#### Exercise description
Below is a listing; retype exactly the lines between the one containing "Slippers with jewels hot sale" and the one containing "Masuta de cafea Memo - Travertine - Img 3", inclusive, minus the pictures.

#### Excerpted records

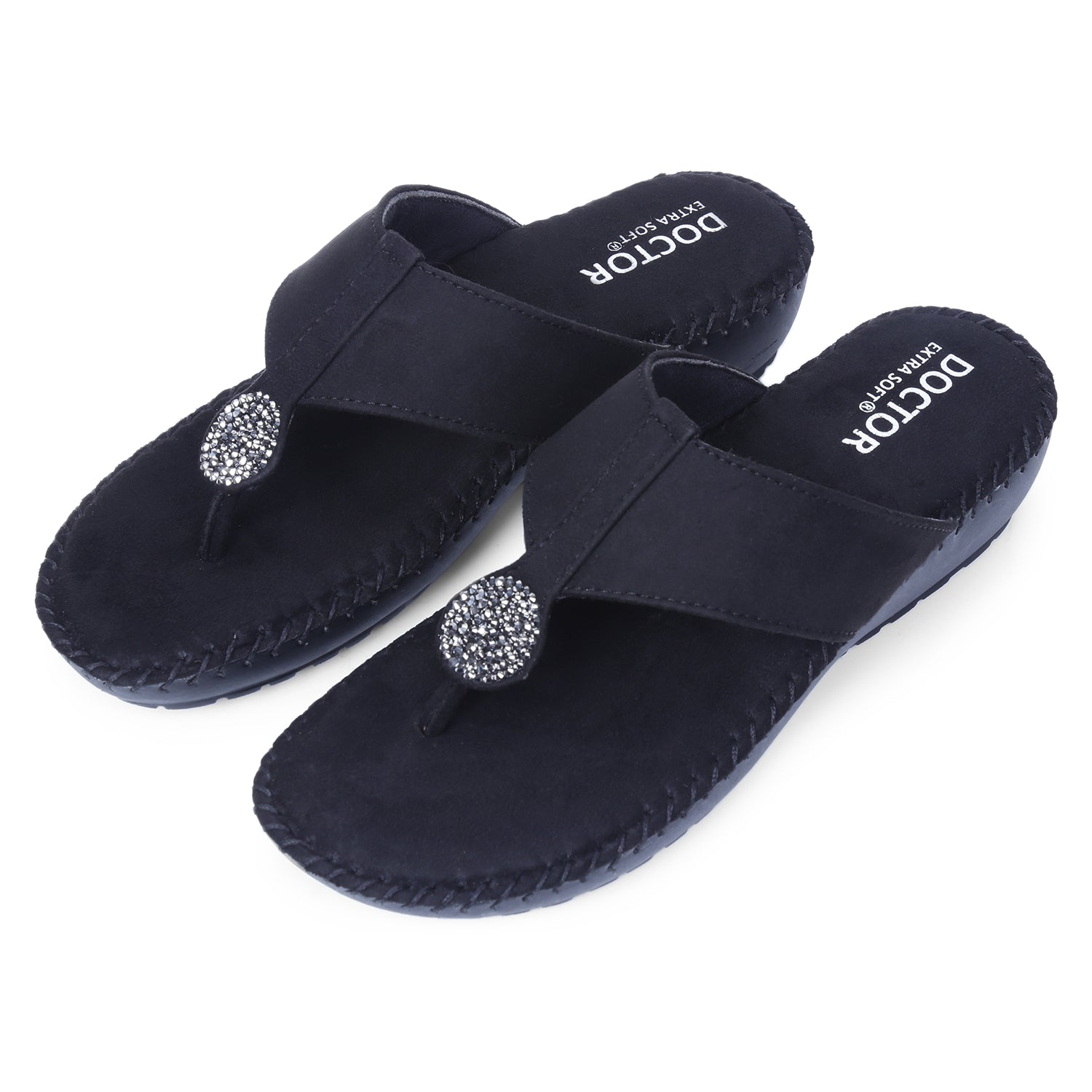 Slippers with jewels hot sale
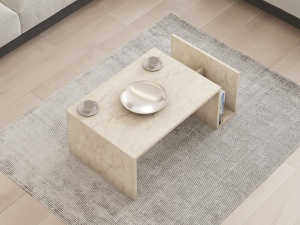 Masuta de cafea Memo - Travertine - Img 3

* * *

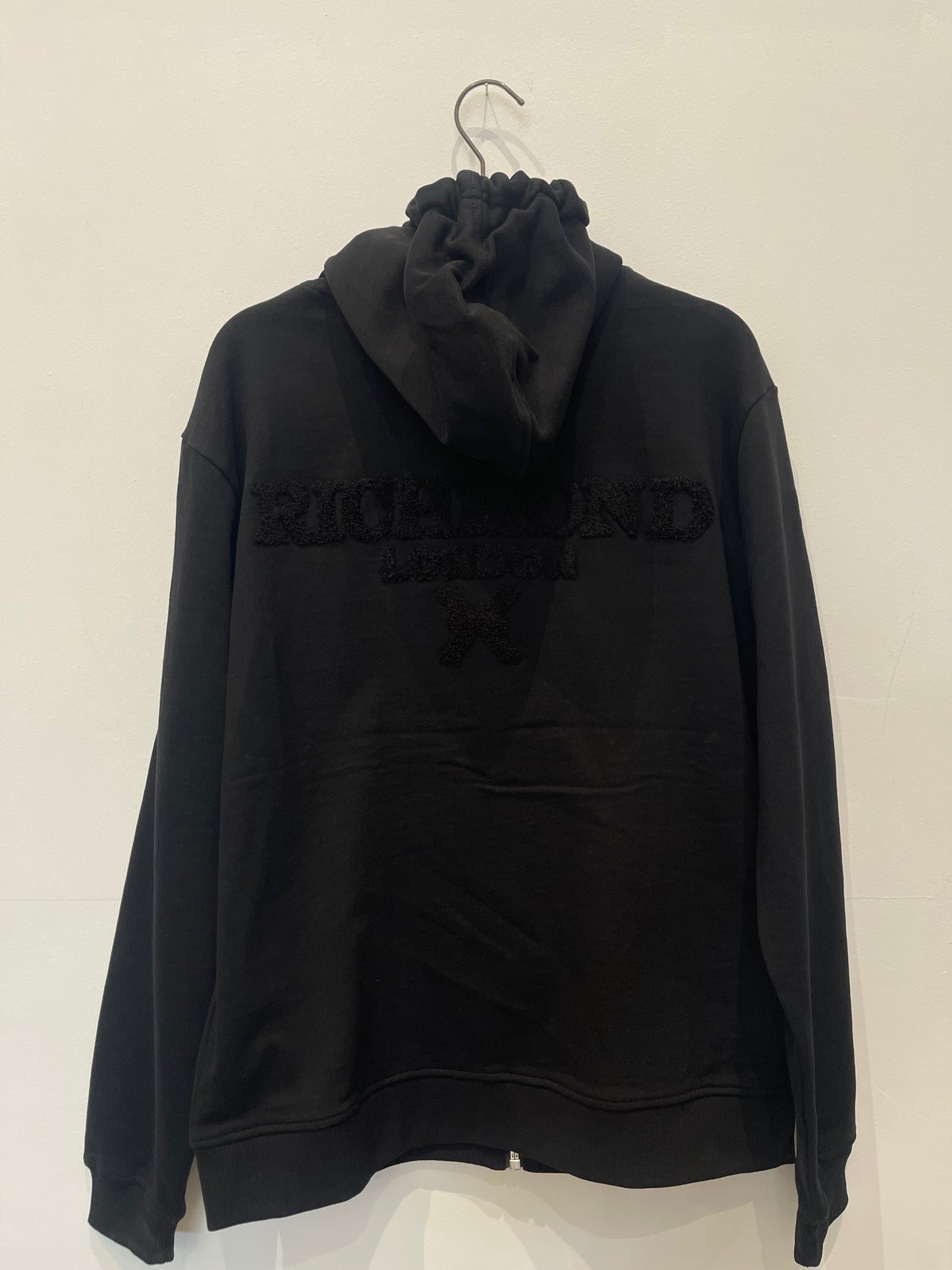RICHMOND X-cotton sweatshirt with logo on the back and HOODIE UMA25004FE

#### Response to this exercise
 Slippers with jewels hot sale
 Masuta de cafea Memo - Travertine - Img 3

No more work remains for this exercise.